Restocking as remaining upside: Management again noted it has not seen the automotive replenishment cycle ("if that were to happen later in the year, that would be a good thing"). That coiled spring is genuine upside to the guide, but it is also the kind of upside the market is now inclined to price in advance after a 90%-YTD run.

Analyst Q&A Highlights

When the Secular Drivers Become Visible, and the Margin Stair-Steps

The opening exchange pressed on when the secular drivers (AI, grid, zonal) become the dominant visible revenue driver, and whether margin would move in larger steps rather than a slow linear ramp. Management argued the secular drivers are already showing up, and the CFO promised larger margin steps ahead.

Q: "How do you think those are really going to show through to investors, and when do those become the dominant driver of revenue…? … People expect a little bit more stair-steps than kind of a slow linear ramp on the gross margin side. Is that something we should expect in the second half[?]"
— Ross Seymore, Deutsche Bank

A: "If you think about the AI data center, you are already seeing it in 2026… doubling our revenue from last year… [CFO Trent:] We expect expansion throughout the remainder of this year… and probably larger step functions than what you saw here in the first quarter."
— Hassane El-Khoury, CEO / Thad Trent, CFO

Assessment: Management's answer is bullish and credible: the secular drivers are already in the numbers (AI doubling, Treo +2.5x), and the margin path accelerates with larger steps through 2026. For a buyer at the trough this was the dream scenario. For a buyer at ~$102, it confirms the earnings momentum that the multiple has already capitalized, which is the tension at the center of our downgrade.

How the Second Half Plays Out Versus a Soft 2025

A question probed whether the second half of 2026 would fade as 2025's did, or sustain. Management gave its most forward-leaning growth statement of our coverage.

Q: "Last year we saw the analog industry had a decent first half and then things started to get a little more muted in the second half. Do you think this year's second half plays out differently…? Should we be expecting seasonal or better-than-seasonal trends in the second half?"
— Vivek Arya, Bank of America

A: "We are expecting the second half to outgrow the first half. I am not talking about flattish; I am talking about a good outlook… That was not the sentiment that I personally had last year. In contrast, we see a much better outlook than we did last year."
— Hassane El-Khoury, President & CEO

Assessment: An unambiguous second-half-outgrows-first-half statement, explicitly contrasted with the soft 2025, materially de-risks the FY26 trajectory. It is exactly the confirmation the cyclical thesis needed. It also means the consensus FY26 estimates the stock is being valued against are well-supported, leaving little room for the kind of upside surprise that would justify chasing the stock here.

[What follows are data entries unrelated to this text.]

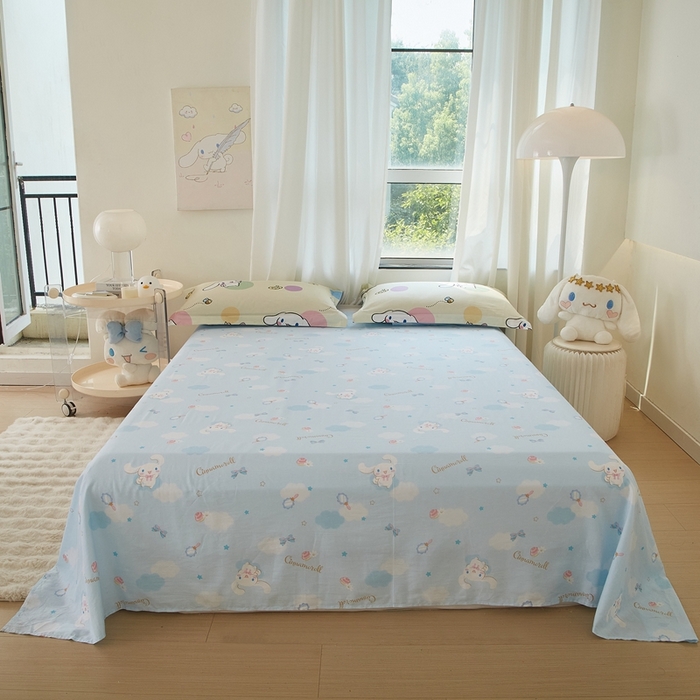 91家纺网 家纺一手货源 找家纺 蘭菲家纺 2024新款全棉小版卡通三丽鸥单被套 开心狗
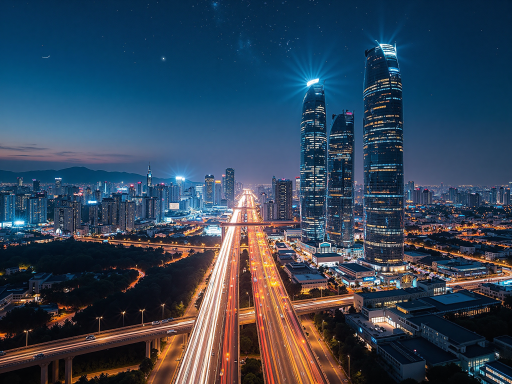 杭州市中心商务区全景，高楼林立，交通便利，展现优越的地理位置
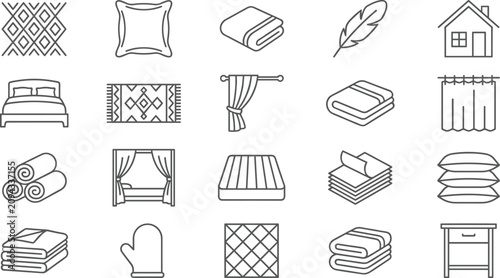 Home textile and bedding line icon set featuring pillows blankets curtains mattresses towels and bedroom vectors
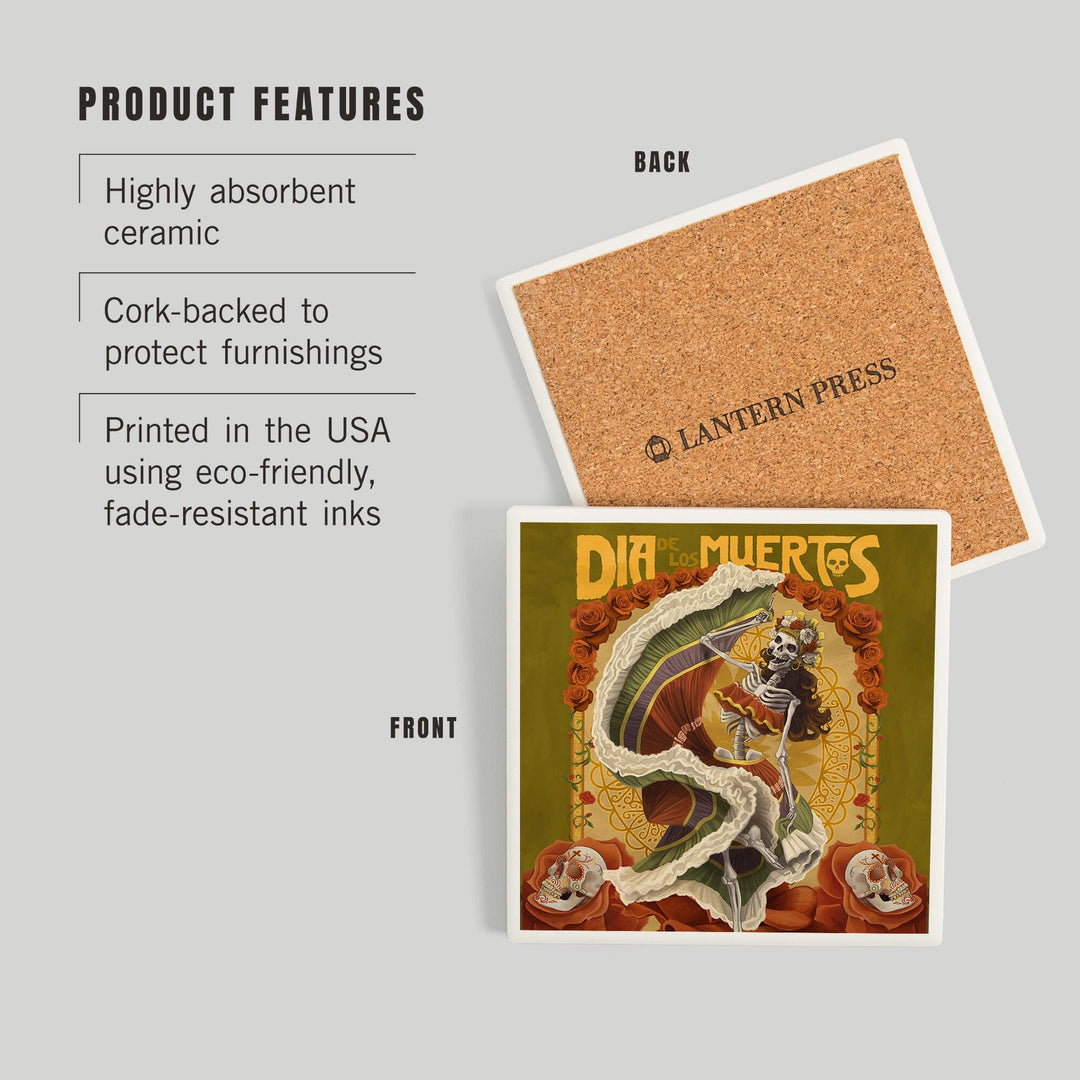 Skeleton Dancing, Day of the Dead, Coasters Coasters Lantern Press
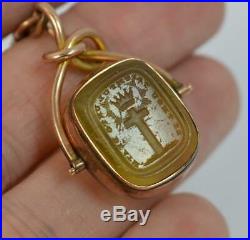 Victorian 9ct Gold Swivel Fob with Tbar Religious Intaglio t0433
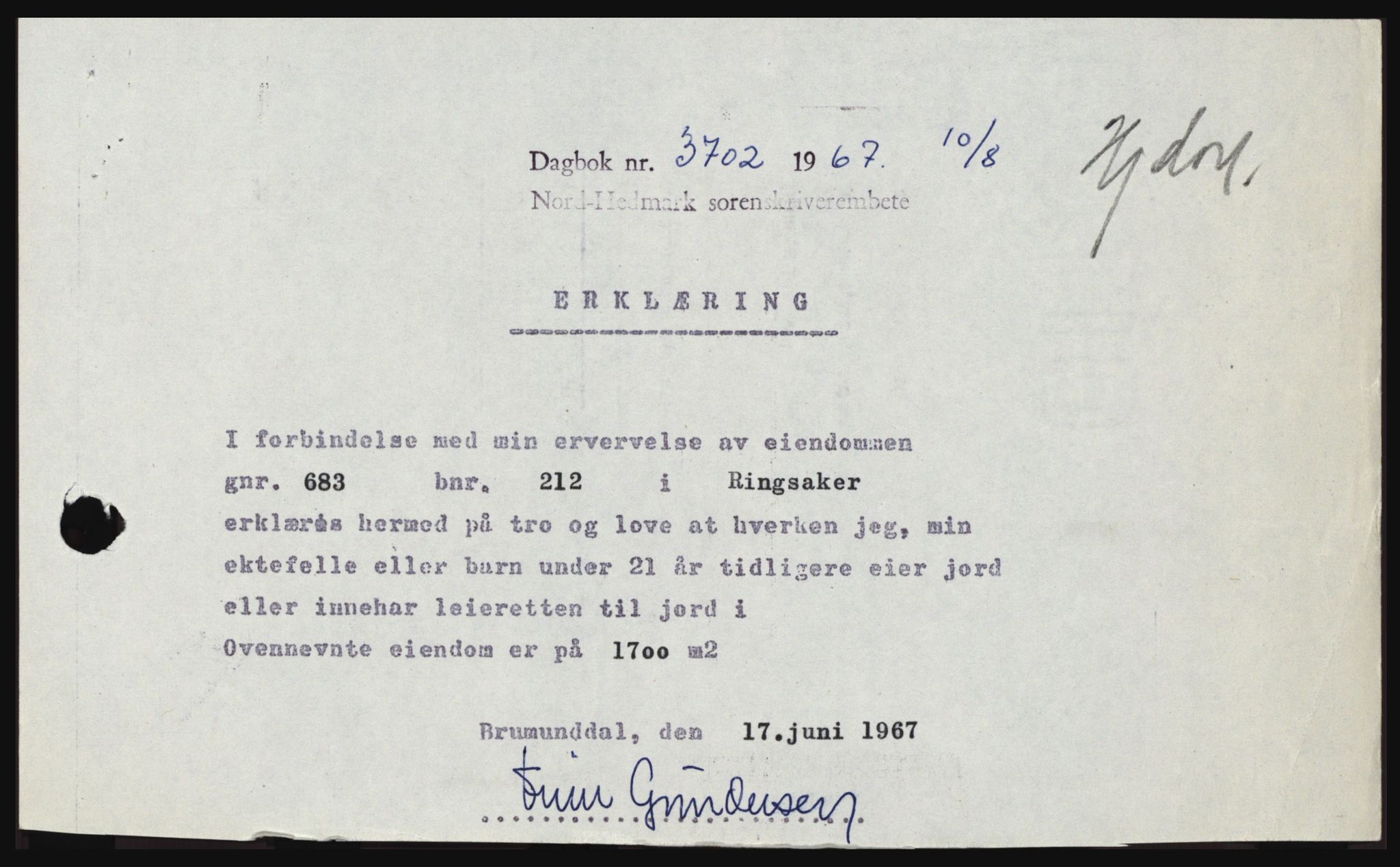 Nord-Hedmark sorenskriveri, SAH/TING-012/H/Hc/L0026: Mortgage book no. 26, 1967-1967, Diary no: : 3702/1967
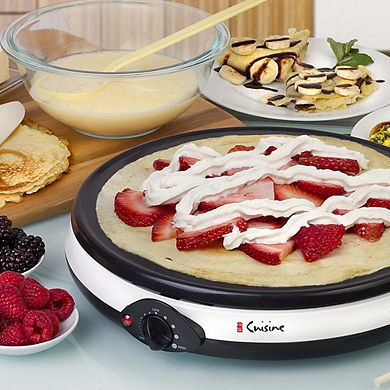 Crepe Maker; 12", Ceramic Coating, Temperature Control, 1200 Watt
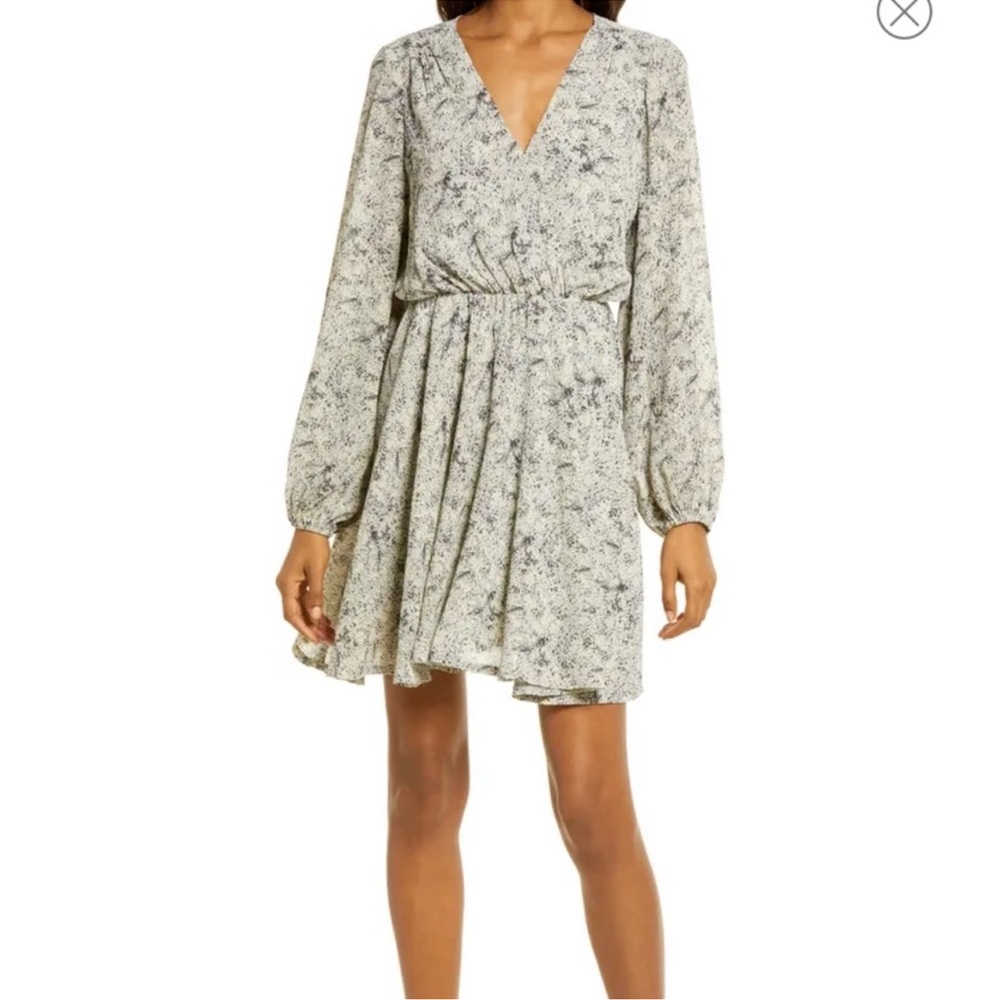 Floret Studios Abstract Print Long Sleeve Surplice Dress Size M
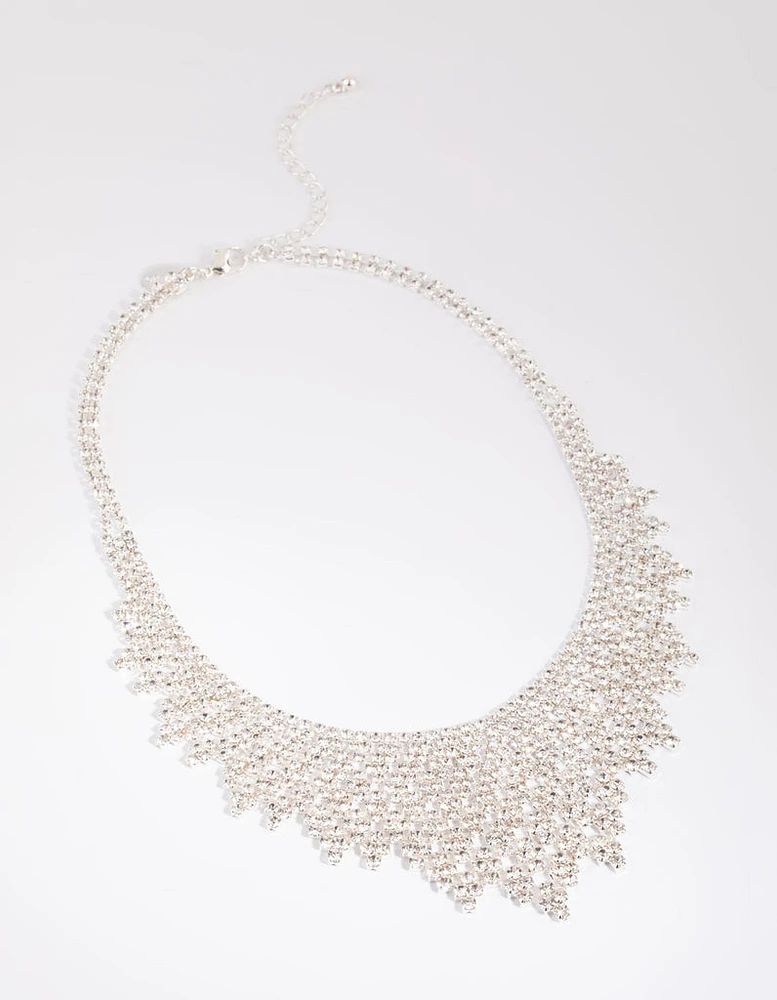 Silver Cup Chain Statement Necklace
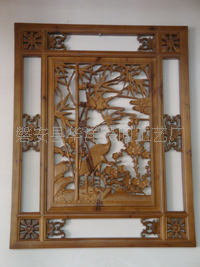 华洋工艺，木雕仿古挂件，墙饰，壁挂--鹤
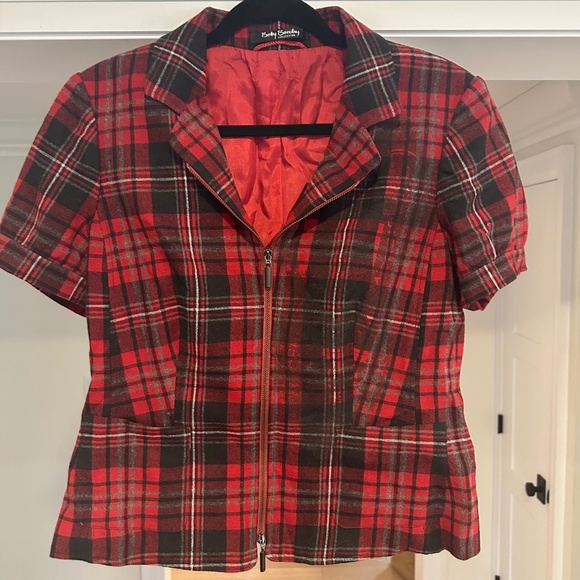 Betty Barclay Collection Red Plaid Short Sleeve Blazer - Size US 10 - Picture 4 of 10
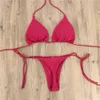 2pcs Summer Femmes Bikini Set Tie latérale Sexy Sweet Bandage Style Brésilien Swimwear Color Couleur de baignade Saisie 240426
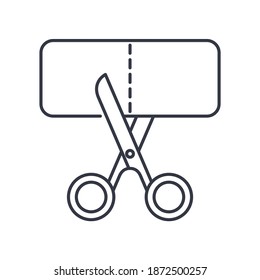 Scissors cut icon, linear isolated illustration, thin line vector, web design sign, outline concept symbol with editable stroke on white background.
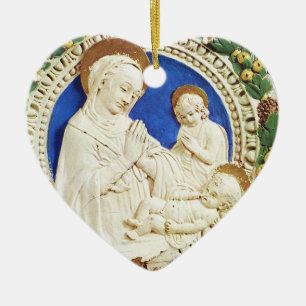 MADONNA MED RUNT Blått Sapphire Heart Julgransprydnad Keramik
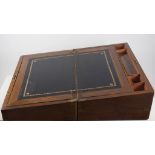 Victorian walnut writing box, slope front interior, width 40cm.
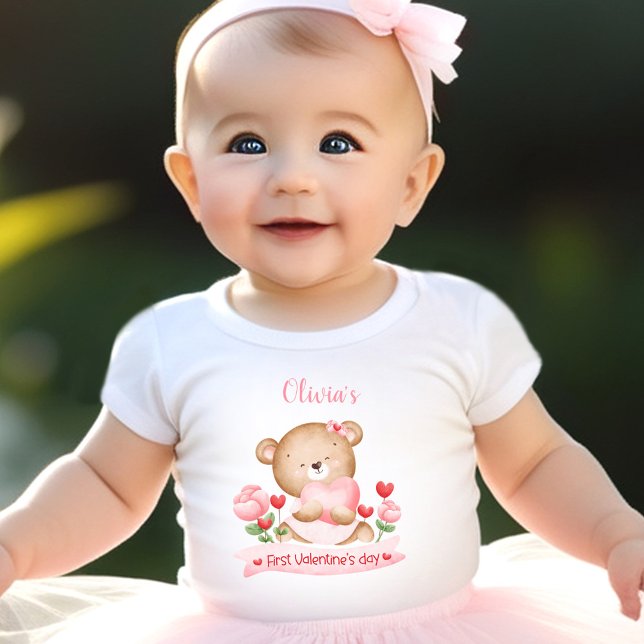 My first Valentine's day Personalized Name Pink Baby T-Shirt (My first Valentine's day Personalized Name Pink Baby T-Shirt)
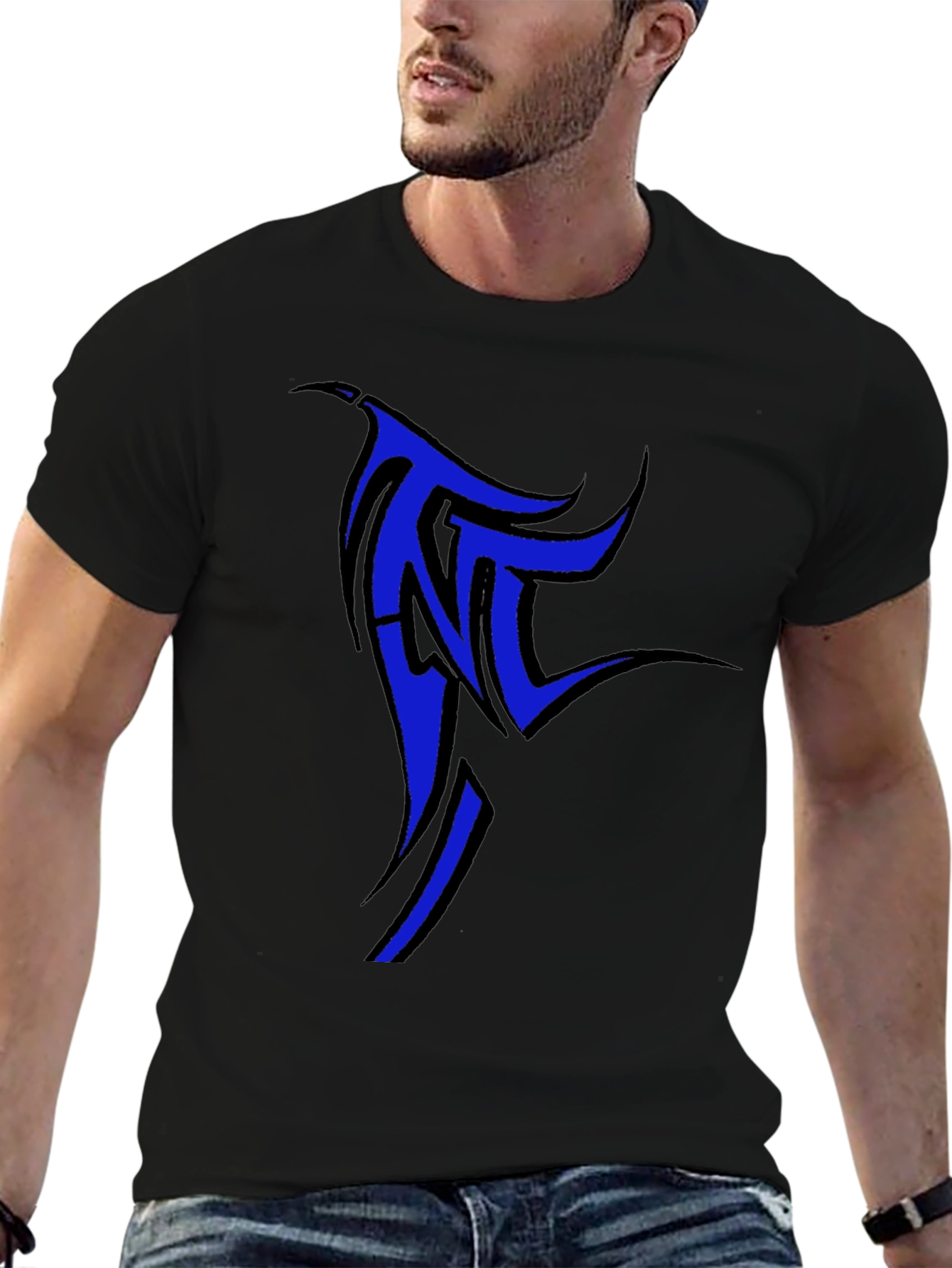 Black T-Shirt with Blue Tribal Design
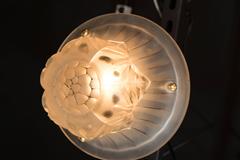 Fine French Art Deco Dome Chandelier in Frosted Glass with Brass Fittings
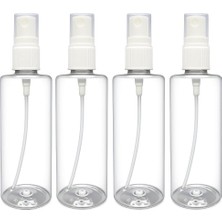 Aydogan's Şeffaf Plastik Sprey Şişe, 100 Ml, 4 Adet, Beyaz Pompalı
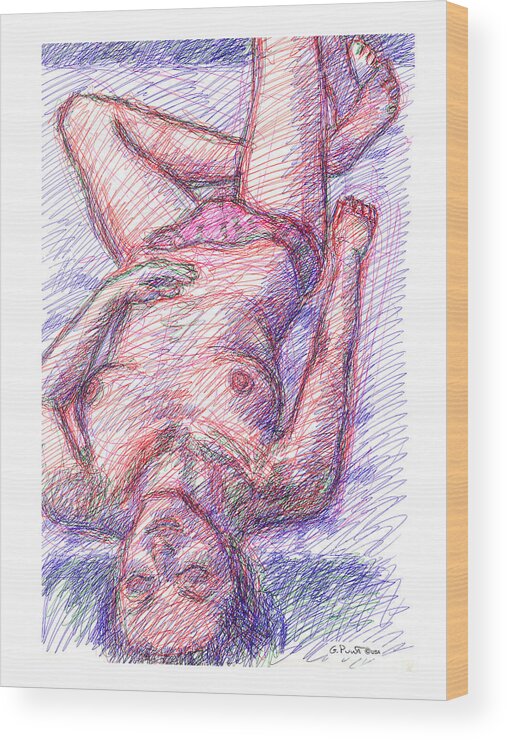 Sketches Wood Print featuring the drawing Nude Female Sketches 6a by Gordon Punt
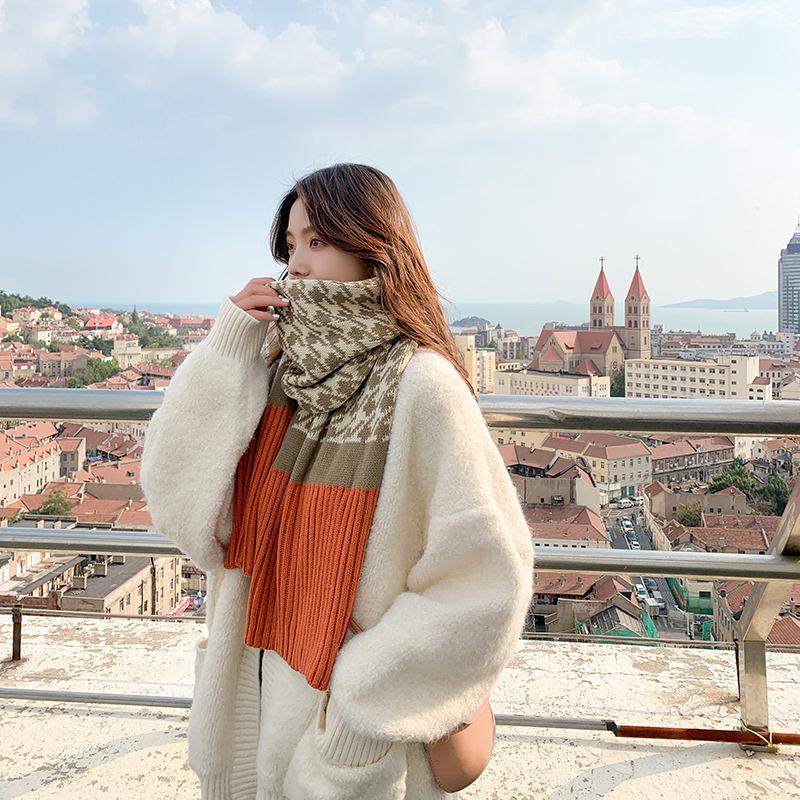 

New Arrival Comfortable Thick Soft Lovers Scarf Warm Temperamental Fresh High Quality Knit Classical Elegant Patchwork Shawl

How Big Is AI, and Can onsemi Scale Without More Acquisitions?

A question asked for AI as a percent of sales and whether onsemi has the scale and resources to be a major player organically, or needs more M&A. Management framed AI off the doubling 2025 base and pointed to the 2025 acquisitions (Aura/Vcore, the SiC JFET asset) as having already built the platform.

Q: "How big is it for ON Semiconductor Corporation right now? Is it something like mid-single-digit percent of sales?… do you think you have the scale and the internal resources… or do you think you will need some inorganic resources[?]"
— Vivek Arya, Bank of America

A: "Last year, we talked about $250 million in AI revenue. We just mentioned that we will be doubling that this year… We have done some inorganic acquisitions in 2025 that are playing to our advantage… We absolutely have the focus that we need to be a major player in power for AI data center."
— Hassane El-Khoury, President & CEO

Assessment: Doubling AI revenue to ~$500M-plus in 2026 (roughly 8% of sales) makes it the company's most important growth driver, and management believes the technology platform is already in place organically (with the 2025 tuck-ins filling gaps). This is the disclosure that most underpins the AI-growth narrative, and by extension the premium multiple the stock now carries.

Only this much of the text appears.